So AT&T intends to buy T-Mobile USA off of Deutsche Telekom. This is the final straw in the complete Third World-ification of American cellular. Getting rid of T-Mobile eliminates the lowest-cost carrier, the most unlock-friendly carrier, the only carrier that actually charges you less if you’re not taking a subsidized phone, and replaces it with a single GSM carrier for the entire country and all the monopoly effect that goes with it.
The reason Europe is so far ahead of the US is that they settled on GSM early and enforced it. As a result, there’s separation between carrier and equipment, prepaid is a very reasonable option, you don’t pay to RECEIVE calls and texts, and you can pick up the iPhone on five different carriers in the UK alone. Hell, you HAVE five carriers, and a sheep in the middle of the Cotswolds has five bars. There’s none of this nonsense about charging $20 extra a month for the privilege of turning on tethering, nor a six-month wait for MMS to work, because there’s an actual COMPETITIVE MARKETPLACE.
Which the US doesn’t have. And hasn’t since Cingular ate the original AT&T Wireless.
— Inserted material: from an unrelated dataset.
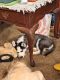 Siberian Husky Puppies for sale in Keizer, OR, USA. price: $400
When there are only two national carriers with multiband coverage (850 Mhz and 1900 Mhz) and they use incompatible standards (GSM and CDMA), you have all the negative effect of monopoly while perpetuating the illusion of consumer choice. Sure, there’s Sprint still sticking it out with their one 1900 Mhz coverage band and CDMA hardware, but for all intents and purposes, national cellular service has been reduced to the two worst carriers in America. (And don’t start on Verizon’s network; their coverage was predicated on keeping analog up for YEARS and is technologically inferior in terms of data speed and voice/data use, at least until LTE is deployed widely.)
In fact, once LTE is more widely deployed, you might – MIGHT – have a competitive environment. But not for the foreseeable future. You can buy your nice new iPad 2, but if you get one for AT&T, you’ll have to sell it to buy the Verizon one if you decide you want the other carrier. In fact, with Verizon and Sprint both on CDMA, you can pretty much count on always having to buy a new phone when you change carriers from now on. Which is just the way they like it. Enhanced lock-in, more than ever, and you can expect ever-increasing carrier control on things like Android add-ons (hint: there’s a reason the Google prototype phones were only available on T-Mobile, and you can forget about OS upgrades if the carrier doesn’t want you to have them and you don’t want to hack your own handset).
I deeply resent the way modern America makes me sound like a fucking bong-watered granola shaver hippie, but it’s long past time for somebody to hit Corporate America in the ballsack with a two-by-four. We don’t have a free market, we don’t even have a regulated market, we have a series of monopoly and monopsony effects. AT&T or Verizon. Comcast or AT&T. DirecTV or Dish. XM or Siri–never mind. Third. World. Country. Remember when you could get DSL from somebody other than the phone company and had three different GSM carriers to pick from nationally? And when was the last time one of these awesome mergers and great business deals actually resulted in more capacity or a lower bill? Anyone? I’ll wait…
I believe the term of art with the kids these days is “FML.”